Mathieu Garaud - 8 months ago 31

C++ Question

When I compiled this C++ code I didn't expect to see this output

`#include <iostream>`

#include <iomanip>

#include <limits>

int main() {

const long double ldMinFloat = std::numeric_limits<float>::lowest();

std::cout << std::left << std::setw(20) << "ldMinFloat" << "= " << std::fixed << ldMinFloat << std::endl;

std::cout << std::left << std::setw(20) << "(ldMinFloat - 10)" << "= " << std::fixed << (ldMinFloat - 10) << std::endl;

return 0;

return 0;

}

Here is the output

`ldMinFloat = -340282346638528859811704183484516925440.000000`

(ldMinFloat - 10) = -340282346638528859811704183484516925440.000000

Can someone be kind enough to explain why the subtraction is not -3402823466385288598117041834845169254

Based on this link long double max value is +/- 1.797,693,134,862,315,7*10^308 and I don't really understand why the mantis would explain this behaviour in basic integer arithmetic? or is it the implicit conversion from float to long double? or it's the operator << of std::cout?

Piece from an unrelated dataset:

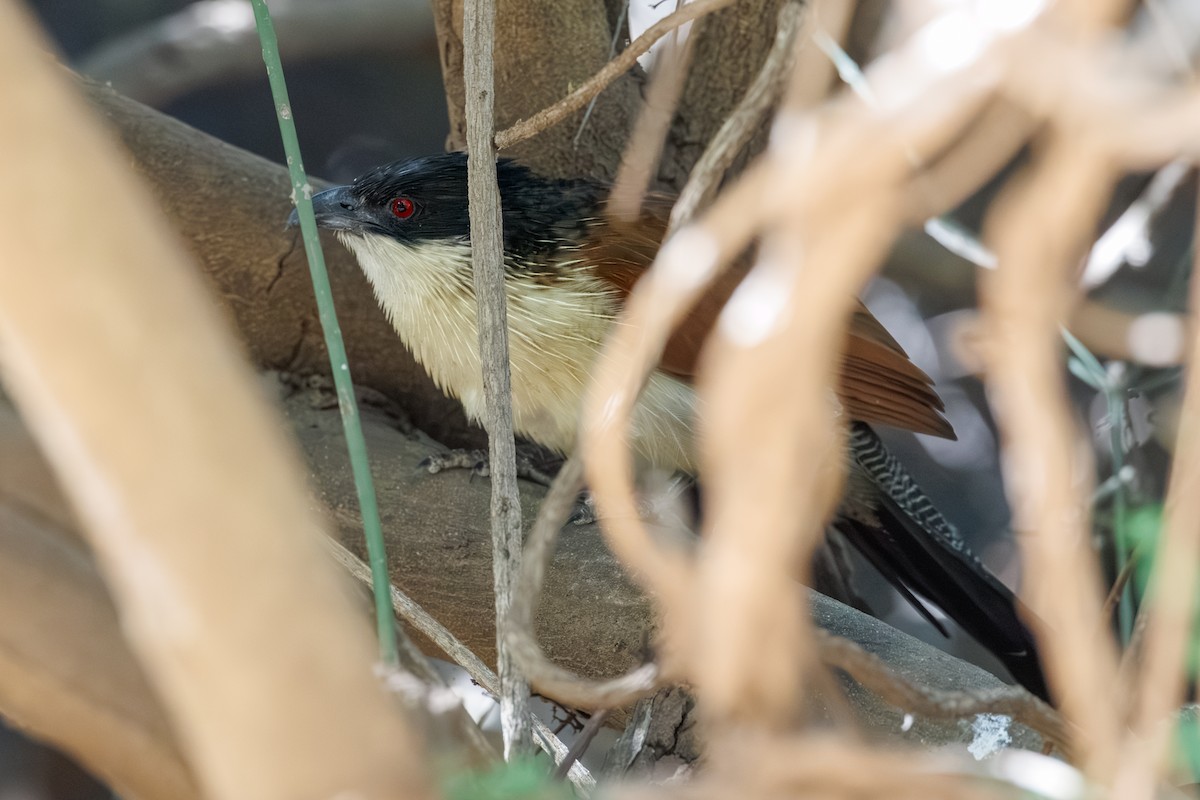 Coucal de Burchell - ML640024744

Any idea to help me feel less stupid before going to sleep?

Answer

A `long double`

cannot represent most values exactly, typically you are talking about big values (`std::numeric_limits<float>::max()`

), so there are big gaps between values that are **exactly** representable by a `long double`

.

Check the `epsilon`

for `long double`

, which is the difference between `1.0`

and the smallest value greater than `1.0`

that a `long double`

can represent.

If you want to find the difference between the largest value lower than `ldMinFloat`

that a `long double`

can store and `ldMinFloat`

, you can use the below **approximation**:

```
std::abs(ldMinFloat) * std::numeric_limits<long double>::epsilon()
```

This is (on my computer) `36893485948395847680`

, so a `long double`

cannot differentiate values between `340282346638528859811704183484516925440`

and `340282346638528859811704183484516925440 +/- 36893485948395847680`

(approximately... ) even if it can store values well below this.

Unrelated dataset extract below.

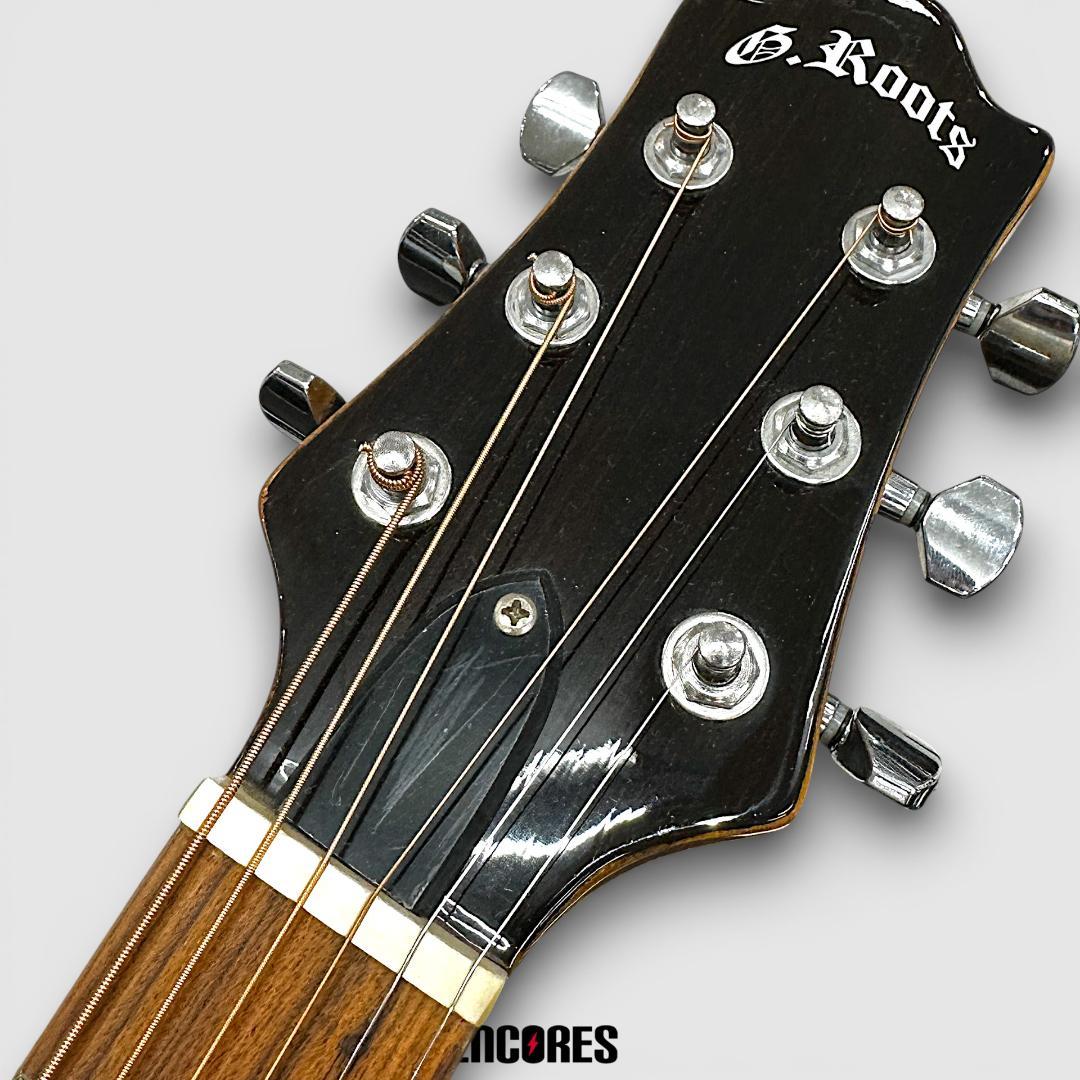 GrassRoots G-AC-50S エレアコ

**A more precision computation of the next representation value:**

Assuming 32 bits `float`

and 64 bits `double`

(I do not have 96 bits `long double`

to test... ) and both uses IEEE 754 representation:

The lowest float (`-340282346638528859811704183484516925440`

) has the following binary representation:

```
1 11111110 11111111111111111111111
```

Converted to a `double`

:

```
1 10001111110 1111111111111111111111100000000000000000000000000000
```

The first representable number for a double below this is (just add 1 to the mantissa, and luckily it is easy for this number):

```
1 10001111110 1111111111111111111111100000000000000000000000000001
```

Which is exactly `-340282346638528897590636046441678635008`

. The difference between both values (computed in the code) is:

```
37778931862957161709568 // About half the value of the approximation (using double)
```

**How to compute this difference from ldMinFloat?**

You can compute this difference using the binary representation. You know that with IEEE754 the "conversion" is (without sign):

```
V = 2 ^ (E - shift) * M
```

Here, the exponent `E`

is the same for both value, so (`V1`

is `ldMinFloat`

and `V2`

is the next representable value, I am assuming positive values for this, the sign does not matter here):

```
V2 - V1 = 2 ^ (E - shift) * M2 - 2 ^ (E - shift) * M1
= 2 ^ (E - shift) * (M2 - M1)
```

`E`

is `1050`

in the above (`10001111110`

) and the shift for 64-bits `double`

is `1023`

, so `E - shift = 127`

:

```
V2 - V1 = 2 ^ 127 * (M2 - M1)
```

Here we are "lucky" because the last bit in `M1`

(mantissa of `ldMinFloat`

) is `0`

, so the difference between `M1`

and `M2`

is:

```
M2 - M1 = 0.000...001b
// <-------> 52 bits (51 zeros)
```

So the difference is:

```
V2 - V1 = (2 ^ 127) * 0.000...001b
= (2 ^ 127) >> 52
= 37778931862957161709568
```

*Note:* This all work smoothly because the last bit of the mantissa in `ldMinFloat`

was `0`

, if it was not the case, adding `1`

to this mantissa could propagate the remainder and even change the exponent, so the computation would be harder.